I heard a wonderful quote on the news the other day, saying that people voting in the currently political environment are less likely to vote FOR one candidate and their position, as AGAINST someone else's position, and by default, go for the "lesser of two evils" option. This perhaps explains the prevalence of "attack ads" and campaigns that are based on the premise of "Look how much of an idiot my opponent is! Vote for me, I'm not nearly as bad as the other guy!"
This makes me wonder if people are really more likely to be drawn together by a common love of something, be it pizza or jazz or a certain type of clothing, or more likely to find something to pick apart and bond over that. It seems like picking something apart requires far less harmony between members than loving something does. Who cares WHY you hate black/white/Jewish/Irish/Catholic/gay/whatever people, as long as you don't like them as much as someone else, you'll be able to agree that it's a good idea to go beat the crap out of them. Hate brings everyone down to the lowest common level, a level that agrees something is wrong.

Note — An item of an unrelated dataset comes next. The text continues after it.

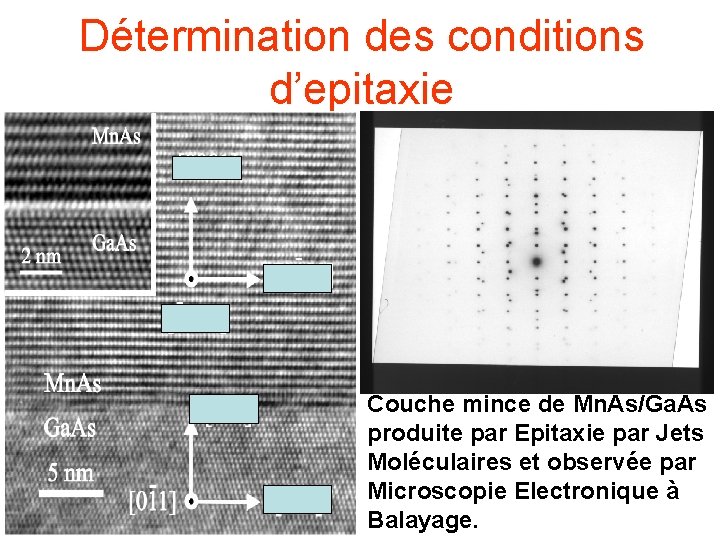 Détermination des conditions d’epitaxie Couche mince de Mn. As/Ga. As produite par Epitaxie par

Loving something or someone requires harmony. If you love pizza, maybe it's because you like cheese or tomatoes or dough. Maybe it's because it reminds you of home or your friends or picnics. If you love pizza for its melted cheese, and someone else loves it because it reminds them of football games, then perhaps you will begin an argument over whose love is more pure, is more correct, is better. If hate brings everyone down to the common basement of anger, love is something that everyone fights over to reach the top rung of purest devotion.
I went to a lecture this weekend by the wonderful author David Sedaris. In reading one of his works, he mentioned that people in a line in an airport were arguing about politics, and saying how they hated the current administration. They thought that the president could do nothing right, they hated him, and he was destroying the country. While everyone is entitled to their own opinion, Sedaris and these particular people were obviously on opposite sides of the political fence, and Sedaris mentioned that he wanted to yell back at them that he could hate just as much as they could, sure they had different opinions, but everyone can hate! But he followed by saying that being able to out-hate someone is something that should never be encouraged. Just because we can hate, just because we can have common anger over something doesn't mean it is the path that we should strive to follow.
While this all sounds very kumbaya and progressive and up-in-the-clouds, when Sedaris said it, it didn't sound like that. It sounded like, honestly, can't we find a better common ground than "Let's all go hate the same things!" And it makes me wonder, which is really the more binding of the two, common hate or common love?